### EXERCISE BRIEF
Your reply should be the records below, duplicated exactly, with any picture removed.

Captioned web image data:
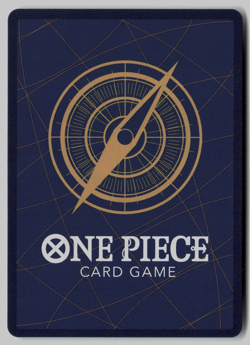 O-Nami ST18-002 C Pirate Foil - PRB-02 One Piece The Best Vol 2. - Image 2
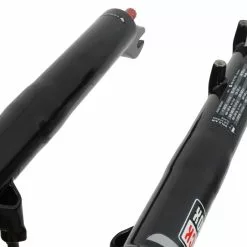 ROCKSHOX Recon Silver TK 26" Solo Air 100 -Cube Fahrradladen Rock Shox Recon Silver 26 TK SoloAir 100 00 4019 643 001 e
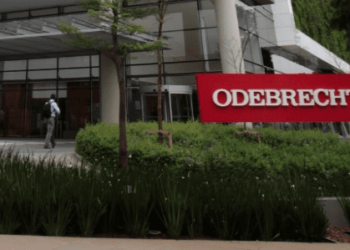 Odebrecht tenta renegociar dívida de US$ 3 bilhões com credores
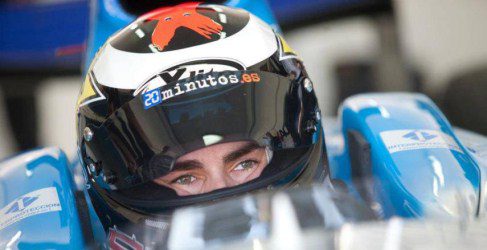 jorge lorenzo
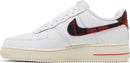 Air Force 1 '07 LV8 'Tartan Plaid'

### ANSWER TO THE EXERCISE
 O-Nami ST18-002 C Pirate Foil - PRB-02 One Piece The Best Vol 2. - Image 2
 ROCKSHOX Recon Silver TK 26" Solo Air 100 -Cube Fahrradladen Rock Shox Recon Silver 26 TK SoloAir 100 00 4019 643 001 e
 Odebrecht tenta renegociar dívida de US$ 3 bilhões com credores
 jorge lorenzo
 Air Force 1 '07 LV8 'Tartan Plaid'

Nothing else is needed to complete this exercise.